Breed stopped twenty yards away, every nerve quivering from excitement over this suicidal move. He heard Shady scratch at the door. It swung back and a flood of light streamed out into the night. Breed heard a man's voice booming out a welcome; saw his mate jump up and put her paws against him, their outlines framed in the lighted doorway. Then the door closed and his mate was inside with a man, the arch enemy of all wolves. Breed whirled and fled. He ran blindly and at high-pressure speed as if he fled before an actual enemy. All his sense of balance was thrown out of gear, the fitness of things upset, and he felt his reason tottering. For his ear, attuned to receive the meaning of all animal sounds, could detect the least tremor of menace in any animal note; when a range bull bellowed Breed knew whether the tones held invitation to his cows or husked a warning to some intruder that had strayed over into his chosen range. In any animal voice the quiver of anger or fear was easily apparent to him; and there had been no vibrations of anger in the man's tones, only those of friendliness.
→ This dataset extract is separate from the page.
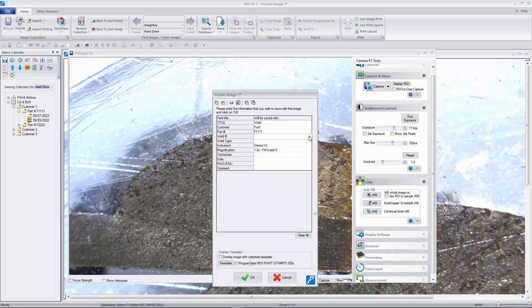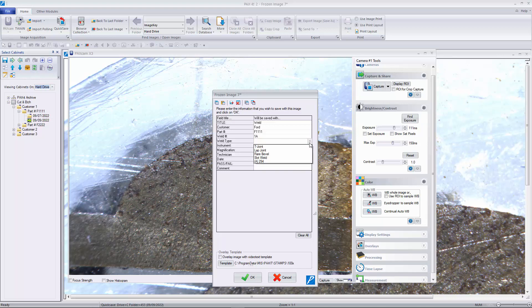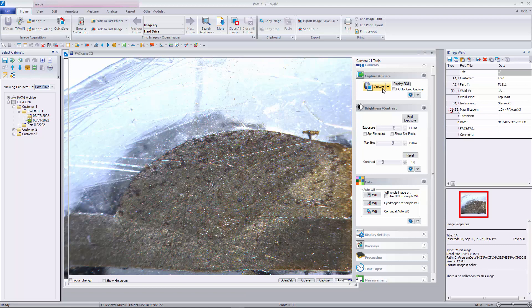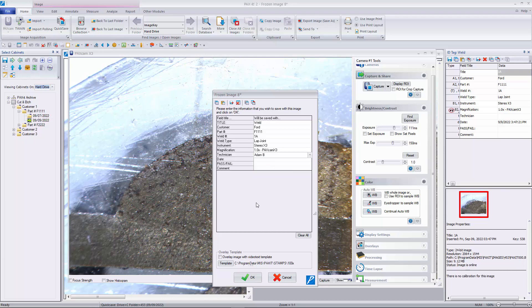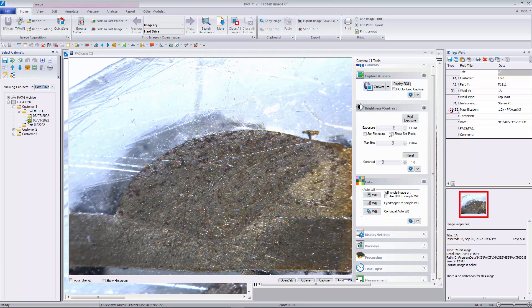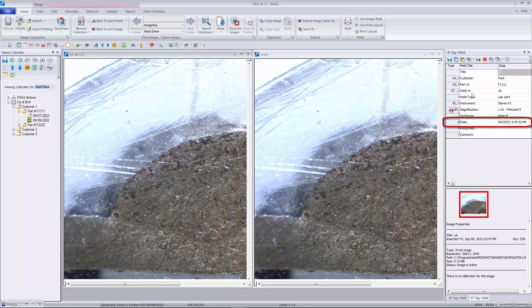Fields are easy to tab through and can also be configured as dropdown menus to further simplify and quicken data entry. One simply fills in the other applicable fields, clicks OK, and on the next image capture the additional data remains filled in. Users are left to fill in only the fields that vary from image to image, which is often reduced to just a few. Certain fields, such as inspection date, may be set to populate automatically in the Paxit preferences.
The coyotes were hard pressed to keep abreast of him, and after a wild race of some four miles he wheeled abruptly and retraced his course, the longing for his mate combining with curiosity to draw him irresistibly back to the spot where this impossible thing had transpired.

His pace slackened as he neared the house, then increased as he heard Shady's voice. Shady had met Breed in the notch after her first visit to the cabin and she naturally assumed that she would find him there again. She repaired to the spot at once after leaving the cabin and waited for him to come.

For three nights in succession Shady made her pilgrimage to meet her one friend among the world of men. Breed could not unravel the mystery of these visits. He could only know the actual that reached him over the trails of his physical senses. Sights, scents and sounds were facts to him. Those senses combined to show him that the unnatural visits were real,—that Shady actually entered the lair of a man and came back smelling strong of him. Yet when she was with him Breed felt a sense of unreality in his memories of those visits, partaking of the same vague qualities that dreams possessed for him after waking.

But he fathomed it at last, evidence that his brain came from his coyote mother, a brain that is capable of constructive reasoning, of taking two facts which the physical senses have verified and evolving a third from them,—the association of ideas.

His nose told him that there was something in Shady's scent that was similar to that left by the dog pack. His eyes had proved that those dogs were the companions of men. Eyes, ears and nose testified that Shady visited the haunts of men and was accepted as a friend. His nose further told him that Shady was half coyote, and her voice added proof of this. From out this fragmentary assortment of facts Breed found a satisfactory answer. He knew that Shady was of the wild, yet that she was also linked with the world of men, thus combining two things which in the past had seemed widely separate, a chasm too wide to span, dividing the animals of the wild from those belonging to man.

Each recurring visit confirmed this fact. Shady missed two nights, but on the third she headed for the cabin with the coming of night. The comparative warmth of early winter had given way to the gripping, penetrating cold of January. Breed's appetite increased with a corresponding drop in temperature and he was hungry. But from Shady's actions he knew that she was seized with one of those queer lapses which called her back to former ways and he delayed the hunt until she should return from this trip. The coyotes had all mated and the season for pack-hunting was past, yet many of them still rallied to his call; but on this night he lingered in the notch and waited for Shady to come back to him before summoning the pack.

He prowled uneasily about the narrow saddle, and in his nervousness over Shady's protracted absence he forgot the danger of following cow trails and padded restlessly up and down those which threaded through the gap. And as he waited for her a mortal enemy found the chance he had sought so long and began stalking him from behind.

Flatear dropped from the hills to follow his ruthless trade and as he swung down the funnel basin Breed's scent was wafted to his nose. The breeze held up the slope,—he had the wind on the yellow wolf. He shifted across the wind but it carried no coyote scent. His victim was alone. Flatear followed up the drifting current of scent and sighted Breed at a hundred yards. His feet made no sound and the wind held right; the breed-wolf was unaware of his approach.

Breed saw a sudden flow of light from the cabin and knew that Shady was leaving it to come back to him. He sent forth the rally call to the pack and turned to trot along a cow trail. He gave a sudden mighty leap into the air and crashed down four feet away as he struck the end of the chain swiveled to the trap that had crushed his foot.